Diane Oirhel, freshwater scentist and founder of Save the Experimental Lakes Area, will also join us to share her experiences and observations of the challenges faced by scientists, in Canada, today.
Featuring a reading by Carl Nordgren, Duke University, N.C., from his fictional works based on his two years spent living in Grassy Narrows FN, and legends as told to him by Steve Fobister Sr., formerly both Chief of Grassy and national Chief.
Musical guest – Claire Bestland.
Refreshments. Cash Bar.
The following are excerpts from the Tyee book review of “The War on Science..”
“If anything has marked the seven years of Conservative rule, it’s been the Tories’ willingness to repudiate not just previous Liberal and Progressive Conservative governments, but the whole of history since the 18th-century Enlightenment. This attitude is so foreign to the majority of Canadians that we can’t quiet believe the Tories are serious. So while they move step by step into the past, we stand by, bemused, and let them drag us with them.
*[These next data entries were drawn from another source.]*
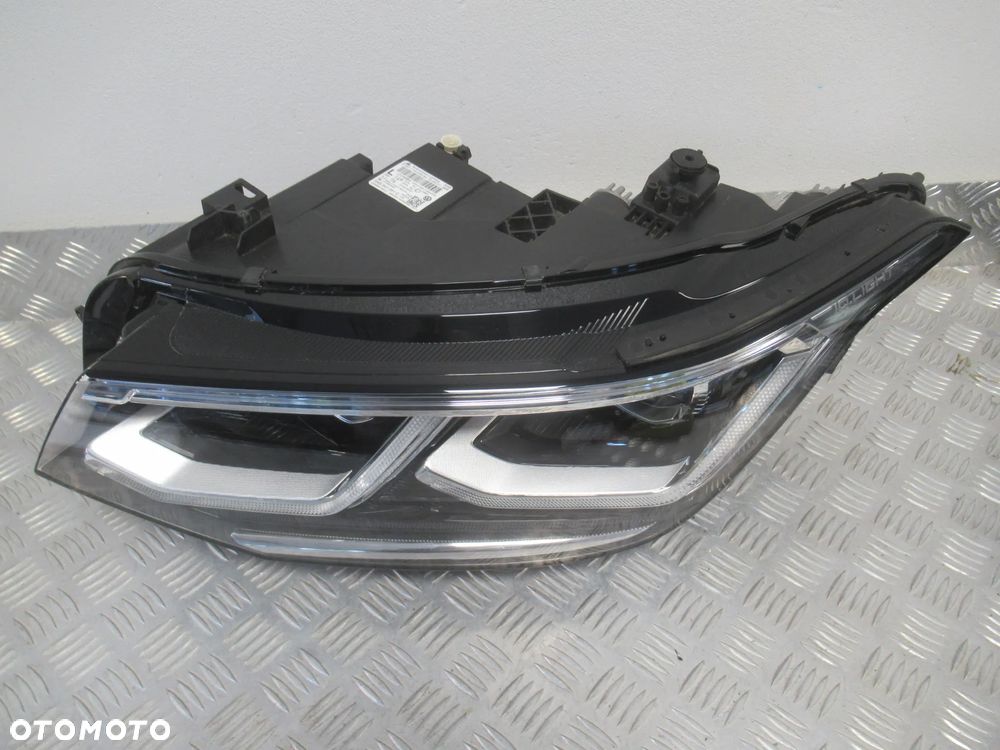 LAMPA PRZEDNIA PRZÓD LEWA VW TIGUAN II 2 LIFT IQ.LIGHT FULL LED 5NB941081C 2020- - 7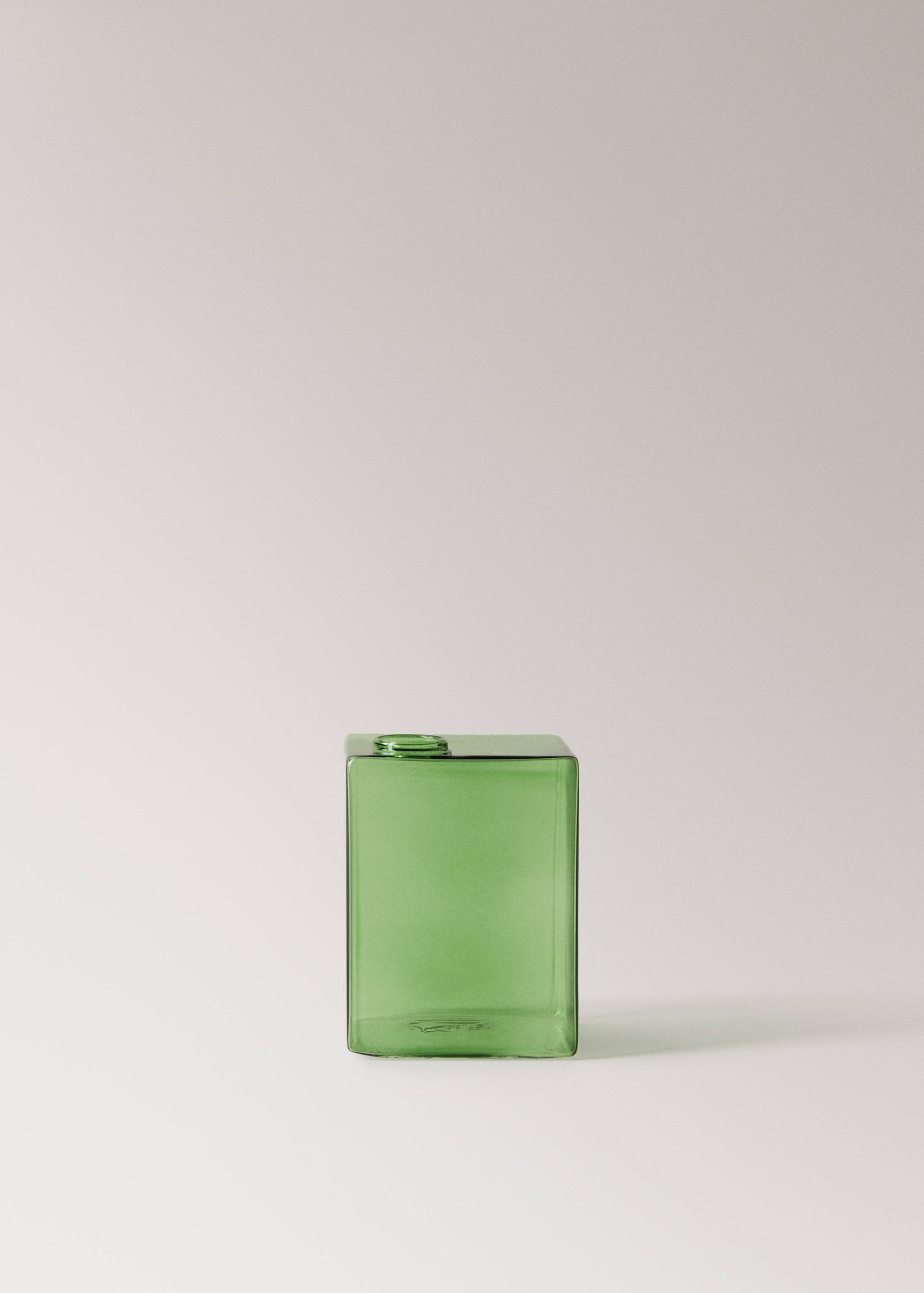 Extra-small borosilicate vase - Article without model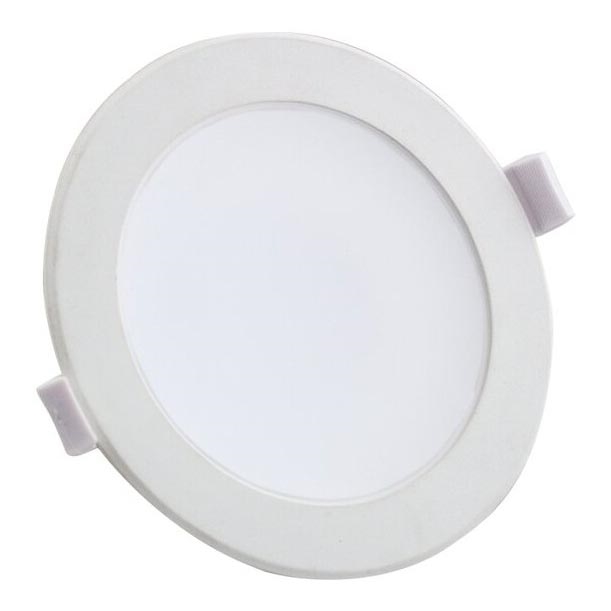 Aigostar - LED-Einbauleuchte für Badezimmer LED/15W/230V 6000K IP44 d 14,5 cm weiß
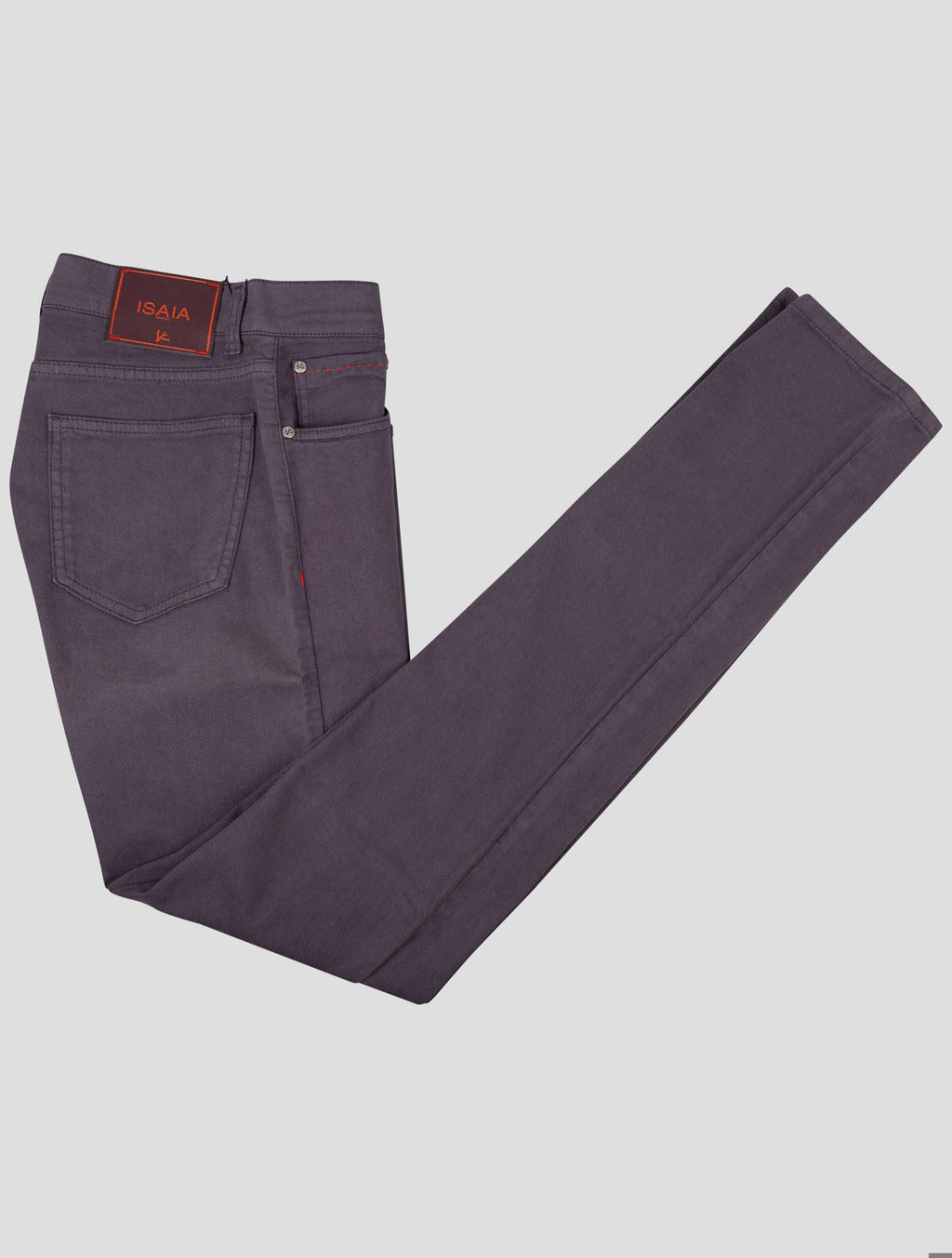 Isaia Violet Cotton Ea Jeans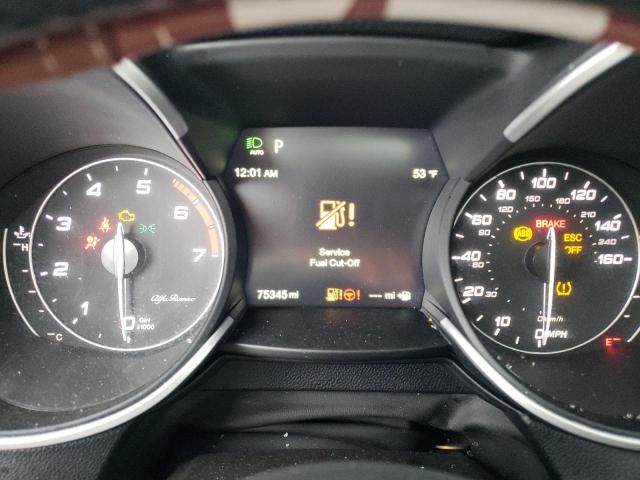 ZASPAKBN7L7C82737 - 2020 ALFA ROMEO STELVIO TI Qara foto 9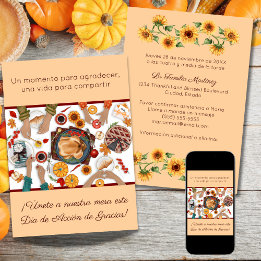 インビタシオンセナデアシオンデグラシアスメサファミリア 招待状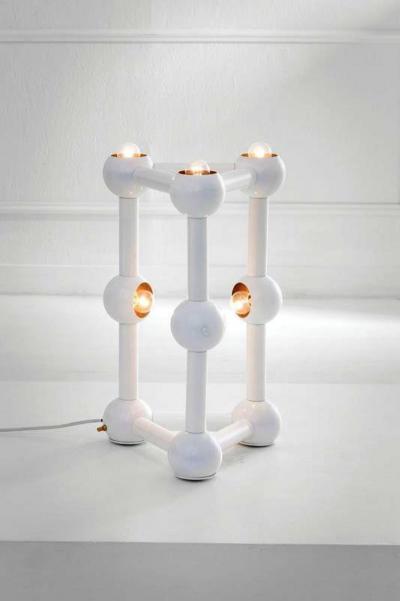 Yonel Lebovici Table Lamp by Yonel Lebovici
This passive response is what journalist Chris Turner is trying to overcome.”
Forgetting yesterday’s outrage… For the converted, Turner’s sermon is useful because modern media induce lapses in our short-term memory. The Next Big Outrage makes us forget the Last Big Outrage: the shutting-down of the Experimental Lakes Area, the ending of the long-form census, the silencing of scientists who had something inconvenient to tell us. Those are just a few of the follies Harper’s government has inflicted on us since 2006.
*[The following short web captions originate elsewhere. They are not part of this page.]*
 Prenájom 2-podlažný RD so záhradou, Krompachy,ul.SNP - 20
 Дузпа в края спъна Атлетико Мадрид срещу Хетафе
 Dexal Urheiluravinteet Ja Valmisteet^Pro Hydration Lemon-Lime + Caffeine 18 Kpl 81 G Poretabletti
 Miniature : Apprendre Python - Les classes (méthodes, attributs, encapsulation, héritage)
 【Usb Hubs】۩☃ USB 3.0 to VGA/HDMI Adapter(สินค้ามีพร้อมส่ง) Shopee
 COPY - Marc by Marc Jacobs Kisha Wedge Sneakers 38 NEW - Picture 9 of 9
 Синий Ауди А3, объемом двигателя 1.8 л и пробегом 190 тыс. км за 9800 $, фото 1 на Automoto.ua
The worst of those follies were camouflaged in the 2012 omnibus budget, which sabotaged so many research and environmental concerns that no one could find a single issue that would make Canadians understand what they were losing. labs and programs are shut down, another generation of scientists is disappearing. Some are retiring, with no one to move up to replace them. Others are going elsewhere. As David Schindler, the founder of the Experimental Lakes Area, told Turner, pay scales for government scientists have been slipping for years, falling behind the universities: “So there will be a huge decrease in the available talent within federal departments, at least in environmental sciences,” Schindler said. Those departments remaining, meanwhile, will do little pure research. Instead they are to serve as the “concierge” for industry, finding answers to corporations’ immediate problems in resource extraction.
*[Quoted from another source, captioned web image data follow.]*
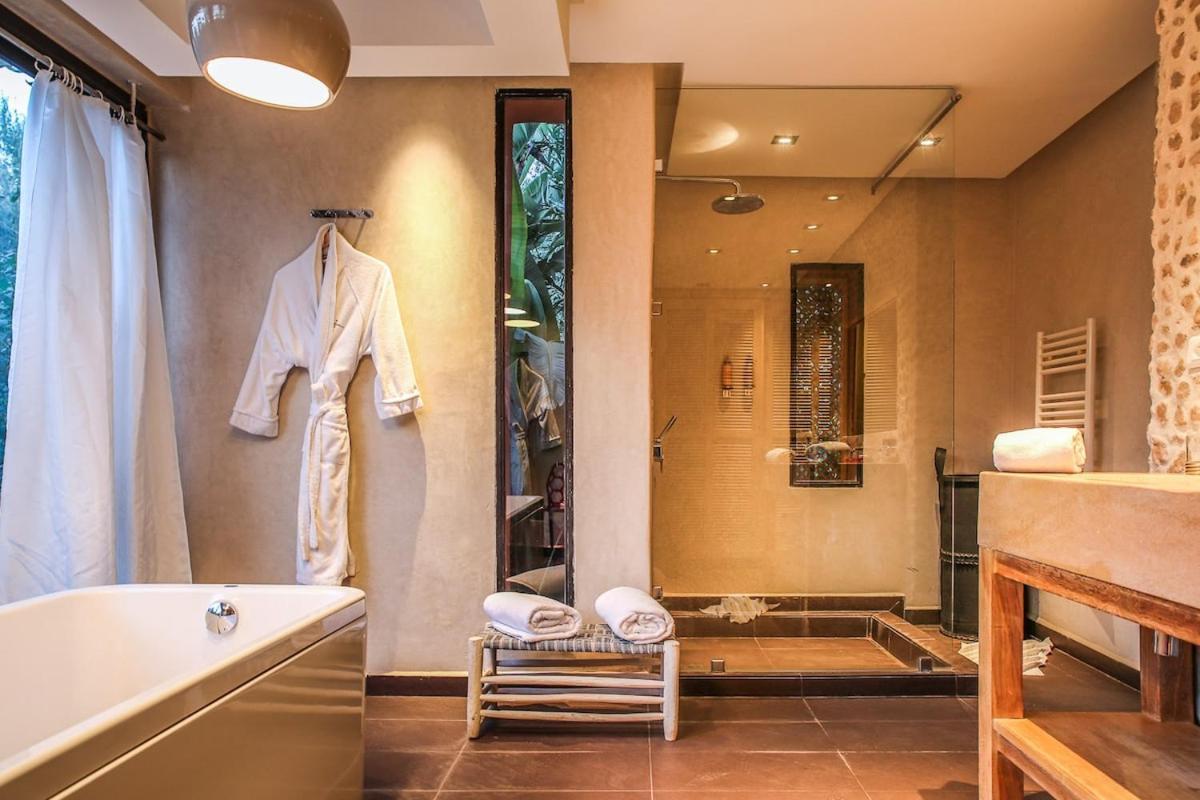 Villa Jardin Nomade Marrakesh Extérieur photo
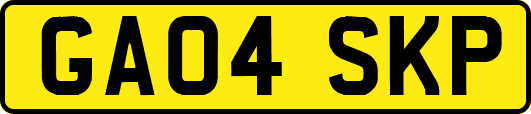 GA04SKP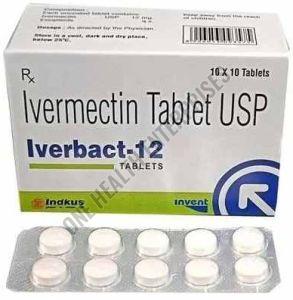 Iverbact 12mg Ivermectin Tablet
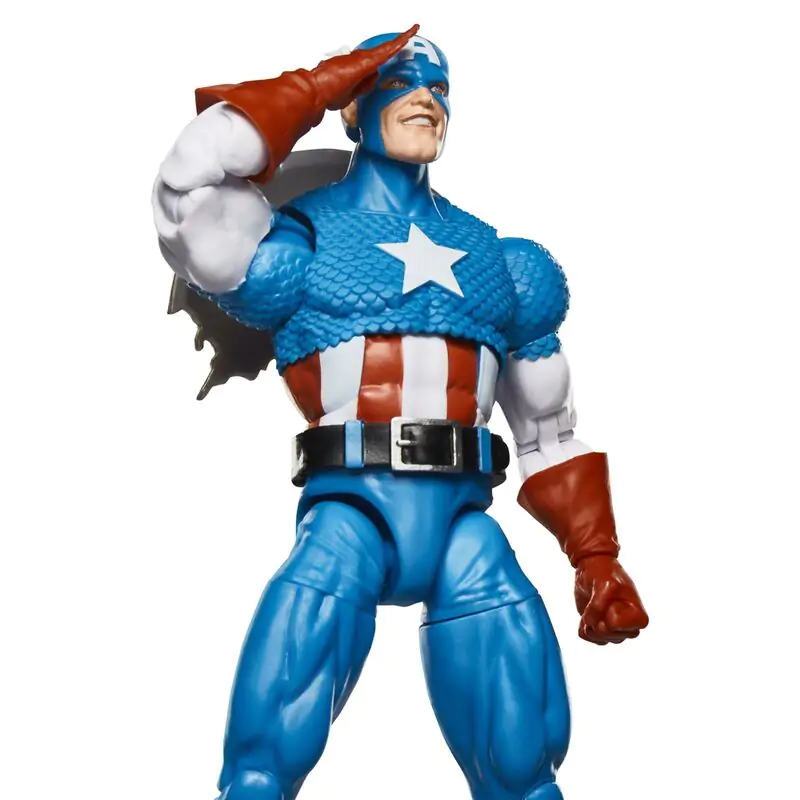 Marvel Legends Series Secret Wars Captain America figura 15cm termékfotó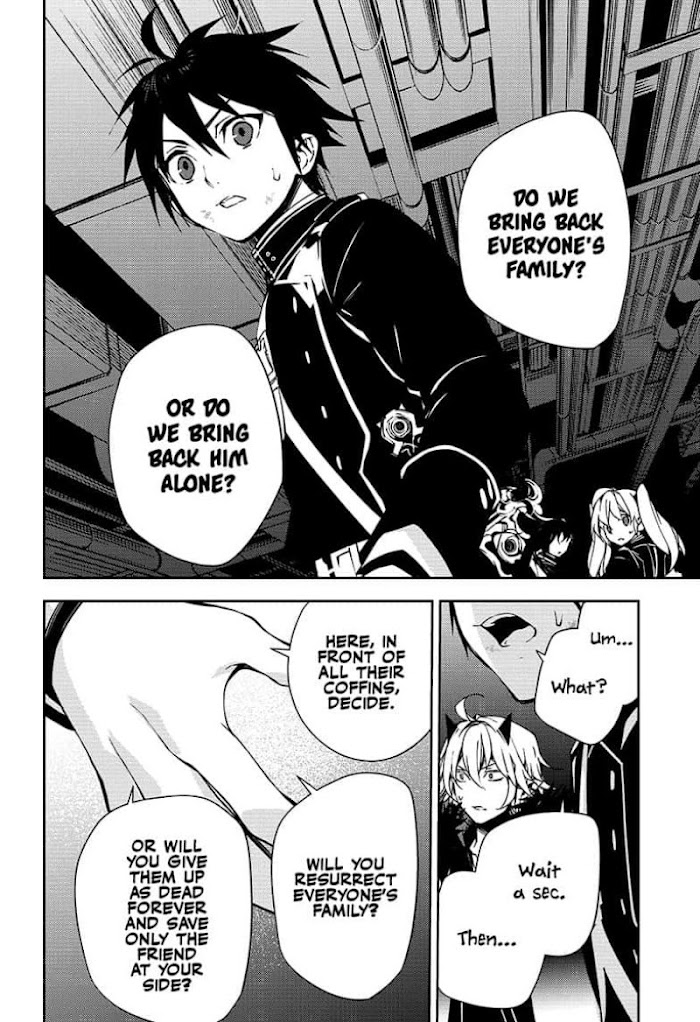 Seraph Of The End - Chapter 114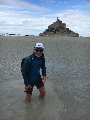 Régis au Mont Saint Michel  🚴‍♀️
The Conservative war on science and scientists is a kind of backhanded tribute to the persuasive power of research and reasoned argument. Precisely for that reason, they don’t want Canadians to hear it. Of course, this approach seems senseless to reality-based Canadians. Perhaps an analogy will help explain it. Ivory poachers know perfectly well that their jobs will end when they’ve shot the last elephant. But as the number of elephants falls, ivory only increases in value. So rather than try to make a steady living, they go for a big killing. Something like that attitude…seems to dominate the Harper agenda, and hard data only get in the way of the Conservatives’ big killing. Shut down the sources of hard data, distract voters with endless talking points about jobs and growth, make a fortune. Today is payday, and tomorrow can take care of itself.”